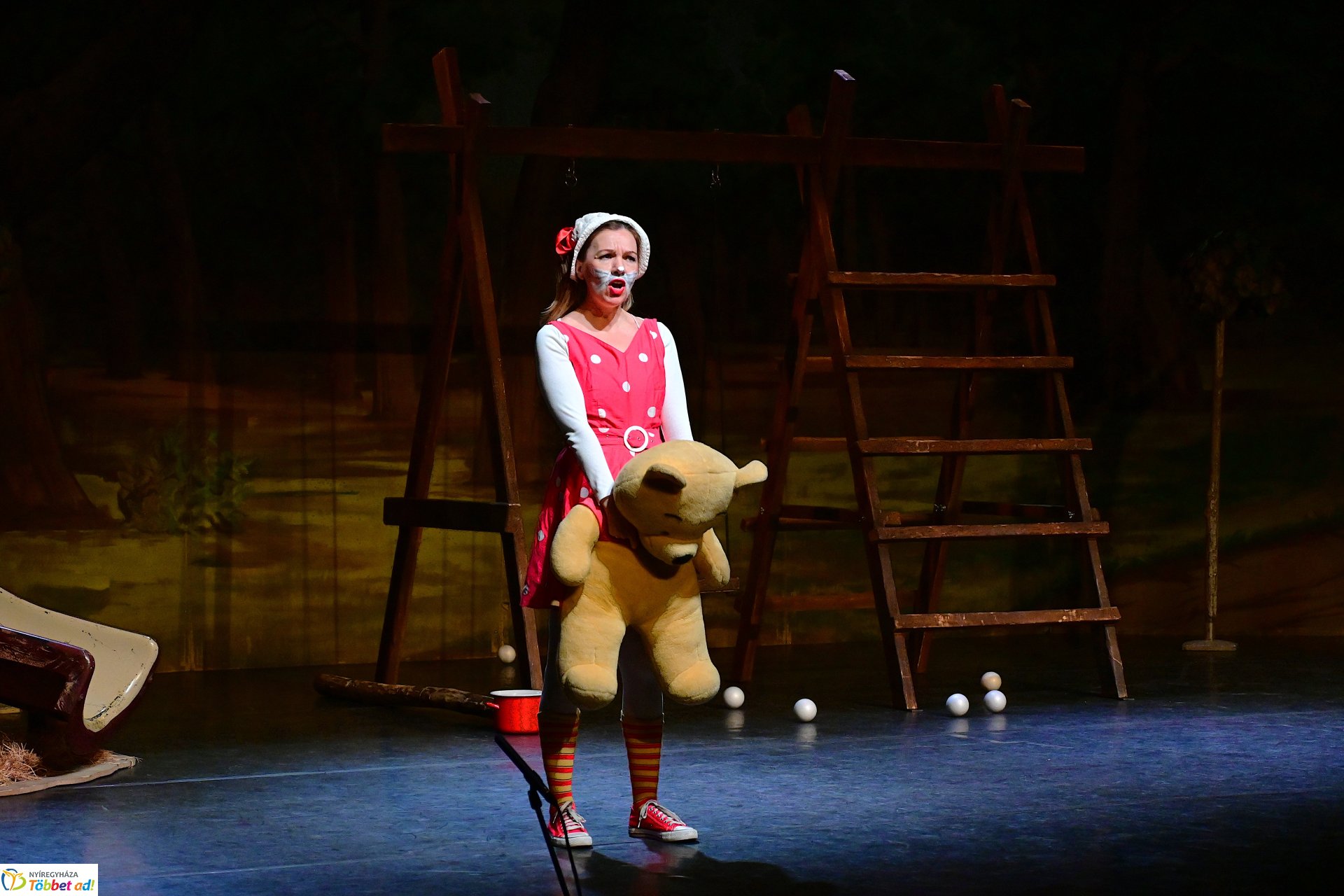 Micimackó előadást láthattak  a gyerekek a Most Élsz Egyesület szervezésében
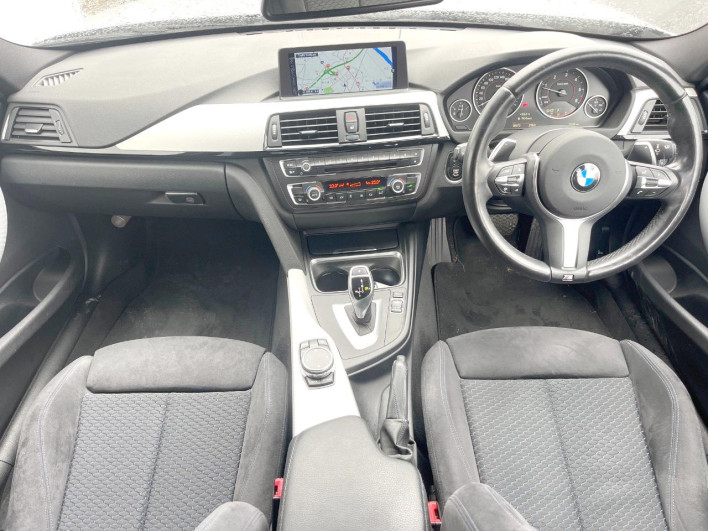 2015 BMW 3 Series LDA-3D20 (UW-6a111b789fe3c)[22]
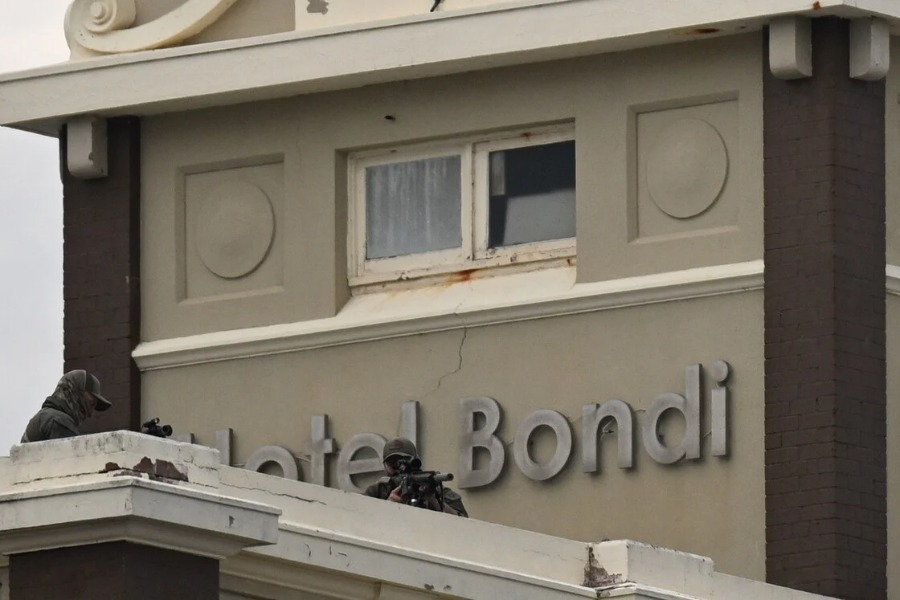 Επίθεση στο Σίδνεϊ: «Ένα θαύμα» ‑ Αστυνομικός που δέχθηκε πυροβολισμό στο κεφάλι επέστρεψε σπίτι του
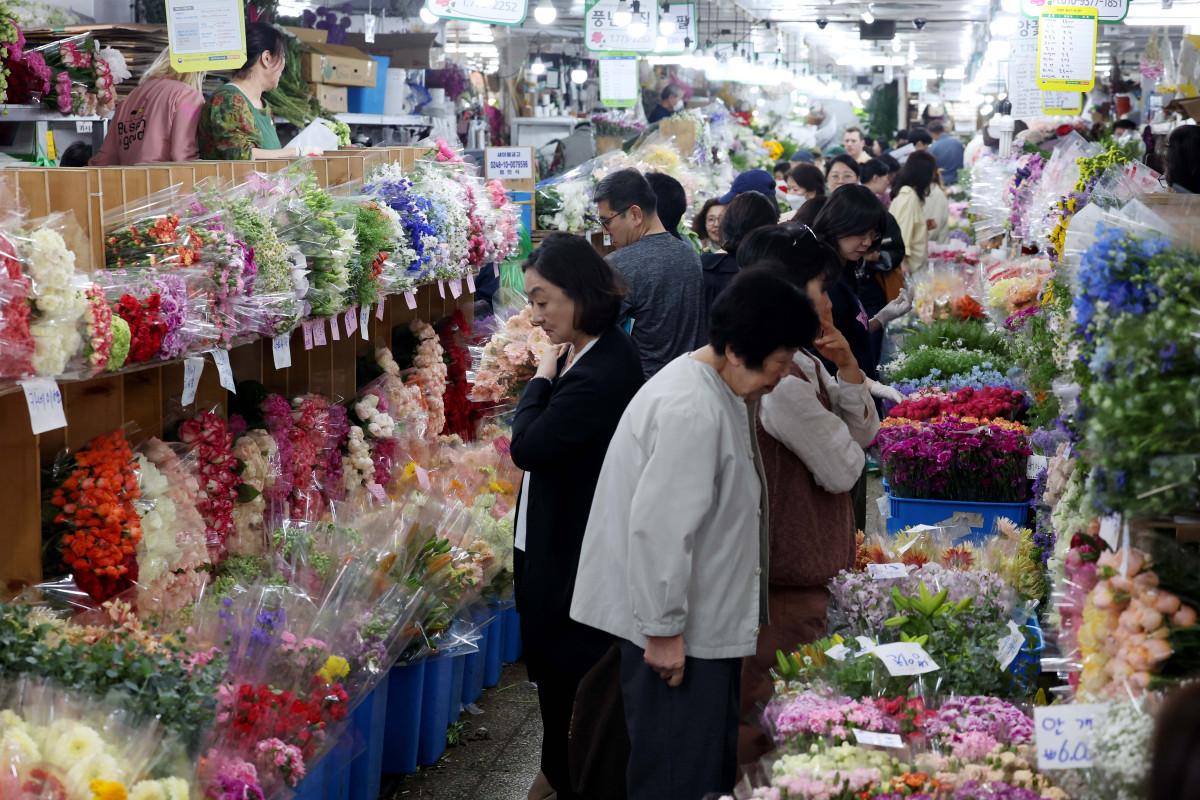 ▲어버이날을 하루 앞둔 7일 서울 중구 남대문시장 꽃상가에서 시민들이 형형색색 꽃을 살펴보고 있다. 신태현 기자 holjjak@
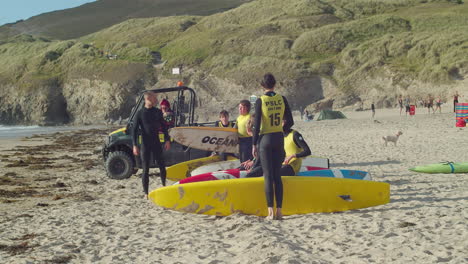 Los-Adolescentes-Se-Preparan-Con-Sus-Tablas-De-Surf-Para-Correr-Hacia-El-Mar-Con-Instrucciones-De-Su-Maestro-En-Perranporth-En-Cornwall.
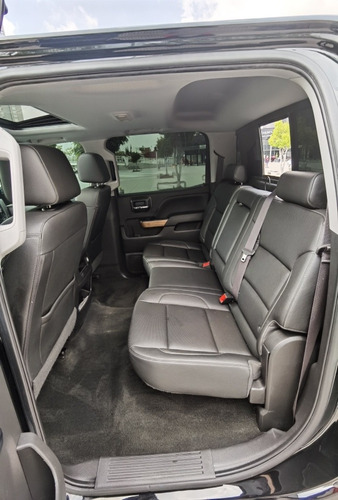 Imagen 11 de 15 de Chevrolet Cheyenne 2017 5.4 2500 Doble Cab Ltz 4x4 At
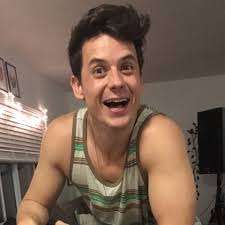 Fundraiser for Matthew Naughton by Chloe Pappas : Replace Matt's stolen  Laptop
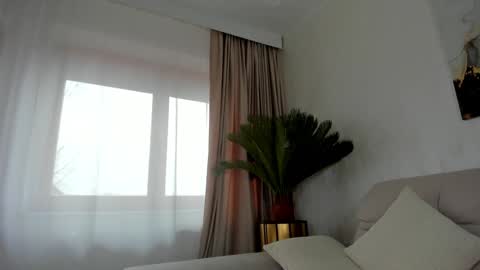 Tiffany Houston online show from 12.09.24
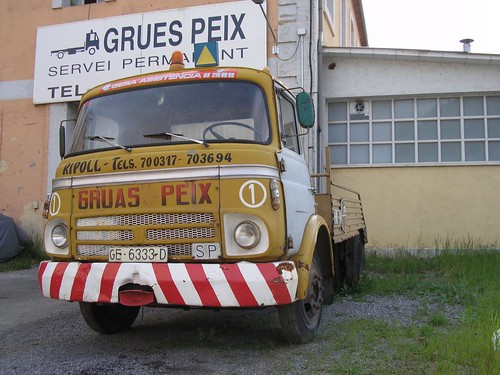 camió Barreiros Saeta grua (1972)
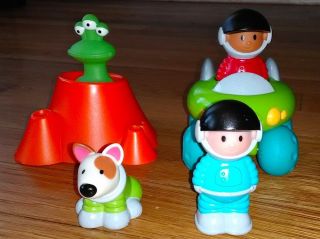 ELC Early Learning Centre Happy Land Lift Off Rocket with Figures - COMPLETE 2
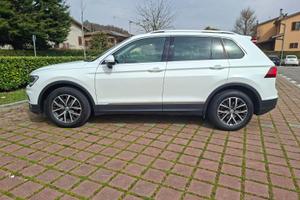 VW Tiguan 2.0 Business TDI 150 CV / 110 kW 09/2017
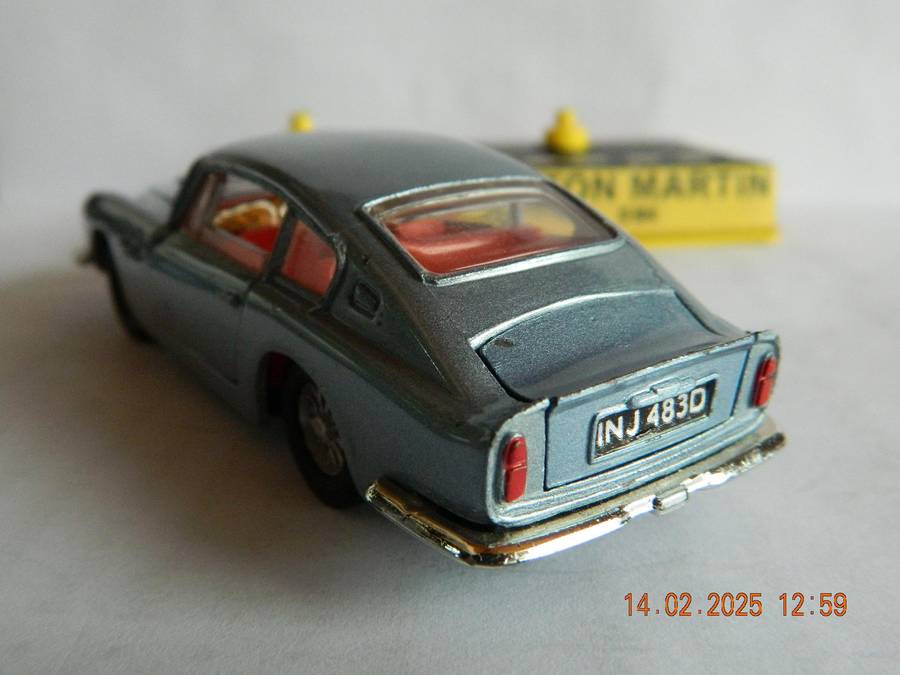 DINKY TOYS  -  153  -  ASTON MARTIN  DB6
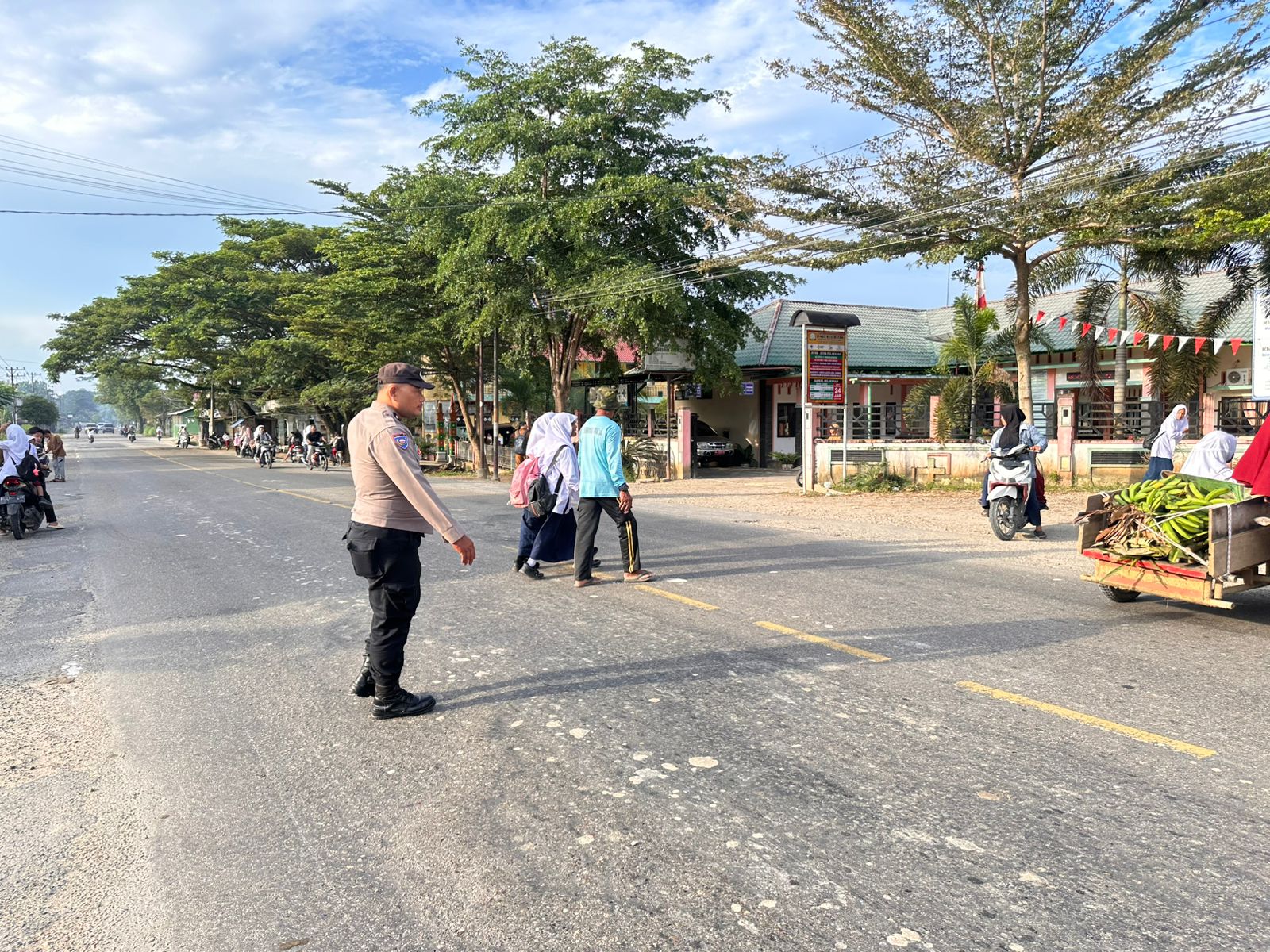 Polsek Rantau Selamat Laksanakan Strong Point Pagi di Jalan Medan–B. Aceh, Desa Bayeun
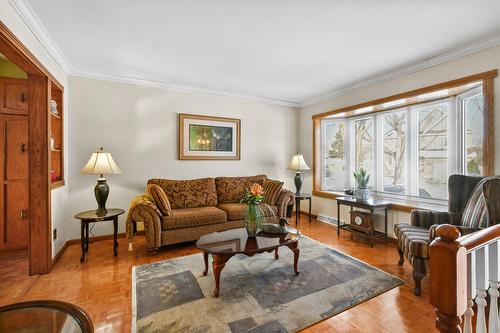 Salon - 52 Place Jasper, Candiac, QC - Indoor Photo Showing Living Room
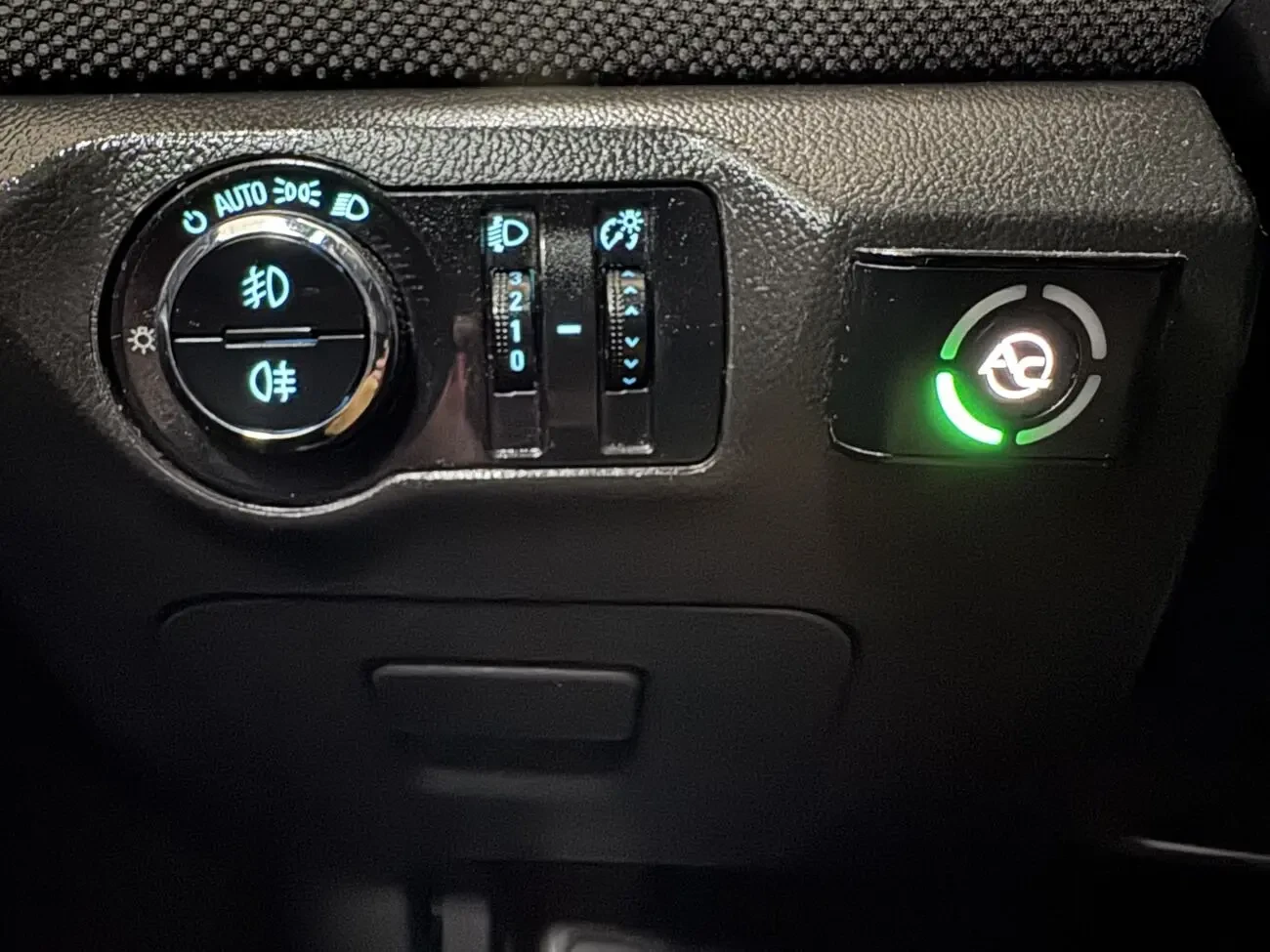 Chevrolet Cruze Sedan 1.8і 16V 6АКПП 2011 р.в. (141 к.с.) 10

+ + + +

◆ **Task goal**: Leave out the images and write out the lines above exactly, from the one with "신태현 기자 holjjak@" up to and including the one with "Salon - 52 Place".

◆ **Answer to the problem**:
 ▲어버이날을 하루 앞둔 7일 서울 중구 남대문시장 꽃상가에서 시민들이 형형색색 꽃을 살펴보고 있다. 신태현 기자 holjjak@
 Los-Adolescentes-Se-Preparan-Con-Sus-Tablas-De-Surf-Para-Correr-Hacia-El-Mar-Con-Instrucciones-De-Su-Maestro-En-Perranporth-En-Cornwall.
 Imagen 11 de 15 de Chevrolet Cheyenne 2017 5.4 2500 Doble Cab Ltz 4x4 At
 Fundraiser for Matthew Naughton by Chloe Pappas : Replace Matt's stolen  Laptop
 Tiffany Houston online show from 12.09.24
 camió Barreiros Saeta grua (1972)
 ELC Early Learning Centre Happy Land Lift Off Rocket with Figures - COMPLETE 2
 VW Tiguan 2.0 Business TDI 150 CV / 110 kW 09/2017
 DINKY TOYS  -  153  -  ASTON MARTIN  DB6
 Polsek Rantau Selamat Laksanakan Strong Point Pagi di Jalan Medan–B. Aceh, Desa Bayeun
 Salon - 52 Place Jasper, Candiac, QC - Indoor Photo Showing Living Room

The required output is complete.